The task:
Copy every line of the entries that has the string "Cream" in it.

Data provided:
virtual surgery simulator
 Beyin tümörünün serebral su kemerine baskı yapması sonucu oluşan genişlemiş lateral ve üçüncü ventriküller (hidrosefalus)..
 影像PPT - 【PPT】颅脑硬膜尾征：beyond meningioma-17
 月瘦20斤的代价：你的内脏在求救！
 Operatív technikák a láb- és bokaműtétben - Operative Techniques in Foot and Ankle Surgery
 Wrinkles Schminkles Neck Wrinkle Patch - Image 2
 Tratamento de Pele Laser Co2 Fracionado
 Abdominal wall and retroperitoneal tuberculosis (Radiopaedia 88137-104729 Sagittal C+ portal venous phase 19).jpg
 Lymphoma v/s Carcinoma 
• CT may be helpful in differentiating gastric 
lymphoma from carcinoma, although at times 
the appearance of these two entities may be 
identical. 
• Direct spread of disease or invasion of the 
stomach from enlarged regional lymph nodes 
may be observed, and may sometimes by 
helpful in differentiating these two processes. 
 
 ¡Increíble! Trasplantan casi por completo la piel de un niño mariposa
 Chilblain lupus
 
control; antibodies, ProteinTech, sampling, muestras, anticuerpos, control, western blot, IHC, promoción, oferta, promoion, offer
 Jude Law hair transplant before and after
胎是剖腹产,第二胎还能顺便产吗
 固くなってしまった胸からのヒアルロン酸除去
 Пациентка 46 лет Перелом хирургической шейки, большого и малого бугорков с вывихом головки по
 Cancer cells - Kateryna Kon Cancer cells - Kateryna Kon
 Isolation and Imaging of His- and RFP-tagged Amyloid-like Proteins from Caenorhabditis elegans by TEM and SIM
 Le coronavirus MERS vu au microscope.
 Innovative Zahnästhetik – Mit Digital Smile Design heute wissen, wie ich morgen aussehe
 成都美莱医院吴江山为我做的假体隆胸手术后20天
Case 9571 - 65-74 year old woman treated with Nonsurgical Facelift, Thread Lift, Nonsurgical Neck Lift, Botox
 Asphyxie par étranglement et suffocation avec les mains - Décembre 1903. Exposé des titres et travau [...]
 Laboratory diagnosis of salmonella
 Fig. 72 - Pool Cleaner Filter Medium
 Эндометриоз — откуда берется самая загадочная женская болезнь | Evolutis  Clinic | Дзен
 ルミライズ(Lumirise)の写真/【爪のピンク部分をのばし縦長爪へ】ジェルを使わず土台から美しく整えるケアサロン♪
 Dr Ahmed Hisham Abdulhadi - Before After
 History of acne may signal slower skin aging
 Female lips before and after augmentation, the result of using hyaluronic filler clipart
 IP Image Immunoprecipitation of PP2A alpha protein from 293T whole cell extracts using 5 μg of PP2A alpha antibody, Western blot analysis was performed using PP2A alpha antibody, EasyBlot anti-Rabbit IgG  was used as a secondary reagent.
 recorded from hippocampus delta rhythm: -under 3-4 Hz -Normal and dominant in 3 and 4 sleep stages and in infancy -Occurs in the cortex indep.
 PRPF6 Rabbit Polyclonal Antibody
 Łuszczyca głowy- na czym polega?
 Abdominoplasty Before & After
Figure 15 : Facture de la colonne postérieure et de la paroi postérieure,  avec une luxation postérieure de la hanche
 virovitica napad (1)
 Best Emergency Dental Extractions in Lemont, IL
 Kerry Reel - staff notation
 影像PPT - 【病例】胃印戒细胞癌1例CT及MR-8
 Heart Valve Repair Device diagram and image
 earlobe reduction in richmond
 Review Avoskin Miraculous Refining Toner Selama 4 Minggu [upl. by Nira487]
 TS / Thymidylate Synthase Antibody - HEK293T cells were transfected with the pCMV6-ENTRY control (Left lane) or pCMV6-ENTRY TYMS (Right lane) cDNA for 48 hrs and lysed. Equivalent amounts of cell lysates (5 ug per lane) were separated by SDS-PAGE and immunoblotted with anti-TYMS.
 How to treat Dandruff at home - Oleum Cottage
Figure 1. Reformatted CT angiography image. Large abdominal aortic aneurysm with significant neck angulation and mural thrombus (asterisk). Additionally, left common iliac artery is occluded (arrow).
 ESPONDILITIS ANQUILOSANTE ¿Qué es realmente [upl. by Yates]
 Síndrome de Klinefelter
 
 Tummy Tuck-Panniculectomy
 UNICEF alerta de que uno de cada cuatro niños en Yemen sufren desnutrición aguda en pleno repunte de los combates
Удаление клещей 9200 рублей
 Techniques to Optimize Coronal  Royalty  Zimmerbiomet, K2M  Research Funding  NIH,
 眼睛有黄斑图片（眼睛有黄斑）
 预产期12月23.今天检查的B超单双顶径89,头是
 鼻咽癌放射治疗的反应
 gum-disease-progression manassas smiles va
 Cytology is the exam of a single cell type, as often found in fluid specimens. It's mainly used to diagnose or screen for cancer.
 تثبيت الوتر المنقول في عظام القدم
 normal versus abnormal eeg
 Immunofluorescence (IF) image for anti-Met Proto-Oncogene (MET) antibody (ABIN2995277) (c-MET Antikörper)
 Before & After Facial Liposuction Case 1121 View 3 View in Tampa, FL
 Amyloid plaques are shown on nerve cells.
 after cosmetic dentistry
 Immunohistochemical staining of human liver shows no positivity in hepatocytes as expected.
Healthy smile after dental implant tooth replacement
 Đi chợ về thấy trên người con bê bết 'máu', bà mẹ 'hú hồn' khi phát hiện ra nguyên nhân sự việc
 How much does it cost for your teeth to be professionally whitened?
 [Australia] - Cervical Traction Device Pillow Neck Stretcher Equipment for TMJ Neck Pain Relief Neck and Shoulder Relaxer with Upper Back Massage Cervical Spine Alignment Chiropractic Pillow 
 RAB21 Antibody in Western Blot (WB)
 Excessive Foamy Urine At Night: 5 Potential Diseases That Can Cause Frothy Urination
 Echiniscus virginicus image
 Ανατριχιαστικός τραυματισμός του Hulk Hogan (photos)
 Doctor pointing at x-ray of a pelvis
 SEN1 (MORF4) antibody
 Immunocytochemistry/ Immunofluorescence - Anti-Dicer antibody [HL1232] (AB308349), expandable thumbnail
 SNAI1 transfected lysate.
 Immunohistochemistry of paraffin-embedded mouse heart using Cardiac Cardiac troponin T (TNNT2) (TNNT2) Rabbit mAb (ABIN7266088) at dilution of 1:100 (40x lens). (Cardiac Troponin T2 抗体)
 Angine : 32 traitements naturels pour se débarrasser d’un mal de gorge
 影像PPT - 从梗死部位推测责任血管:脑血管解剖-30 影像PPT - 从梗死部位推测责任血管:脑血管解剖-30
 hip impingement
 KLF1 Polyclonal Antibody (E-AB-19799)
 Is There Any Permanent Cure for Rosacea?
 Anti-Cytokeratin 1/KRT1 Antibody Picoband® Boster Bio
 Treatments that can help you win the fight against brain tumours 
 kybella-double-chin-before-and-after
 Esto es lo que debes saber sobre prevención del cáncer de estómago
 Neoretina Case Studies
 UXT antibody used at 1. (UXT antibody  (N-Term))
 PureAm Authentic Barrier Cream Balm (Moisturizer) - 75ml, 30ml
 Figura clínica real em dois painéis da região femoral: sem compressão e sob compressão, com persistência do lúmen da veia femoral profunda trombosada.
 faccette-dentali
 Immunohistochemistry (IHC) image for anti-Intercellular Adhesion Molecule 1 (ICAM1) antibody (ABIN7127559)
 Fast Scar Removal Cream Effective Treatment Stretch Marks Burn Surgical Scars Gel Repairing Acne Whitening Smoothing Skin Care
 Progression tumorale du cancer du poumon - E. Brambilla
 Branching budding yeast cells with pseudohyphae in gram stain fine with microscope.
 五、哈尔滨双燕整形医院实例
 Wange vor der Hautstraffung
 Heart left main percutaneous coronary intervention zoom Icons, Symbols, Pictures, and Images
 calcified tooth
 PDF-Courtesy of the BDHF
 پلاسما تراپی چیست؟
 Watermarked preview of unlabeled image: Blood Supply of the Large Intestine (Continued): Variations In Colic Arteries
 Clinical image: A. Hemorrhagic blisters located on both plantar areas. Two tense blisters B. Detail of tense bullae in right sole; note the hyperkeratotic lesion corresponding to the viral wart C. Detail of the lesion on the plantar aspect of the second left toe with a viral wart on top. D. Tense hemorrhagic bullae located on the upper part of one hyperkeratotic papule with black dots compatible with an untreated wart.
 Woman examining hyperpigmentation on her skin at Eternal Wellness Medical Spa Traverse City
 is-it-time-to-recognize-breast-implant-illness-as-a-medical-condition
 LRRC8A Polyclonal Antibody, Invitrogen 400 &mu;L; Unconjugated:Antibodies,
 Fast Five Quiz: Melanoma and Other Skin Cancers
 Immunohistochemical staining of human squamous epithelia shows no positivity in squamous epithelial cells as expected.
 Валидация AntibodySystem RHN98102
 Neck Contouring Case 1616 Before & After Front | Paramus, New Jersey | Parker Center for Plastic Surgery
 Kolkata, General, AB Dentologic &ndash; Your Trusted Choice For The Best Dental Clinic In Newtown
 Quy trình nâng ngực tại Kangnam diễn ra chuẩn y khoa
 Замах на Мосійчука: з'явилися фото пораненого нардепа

Response to this task:
 PureAm Authentic Barrier Cream Balm (Moisturizer) - 75ml, 30ml
 Fast Scar Removal Cream Effective Treatment Stretch Marks Burn Surgical Scars Gel Repairing Acne Whitening Smoothing Skin Care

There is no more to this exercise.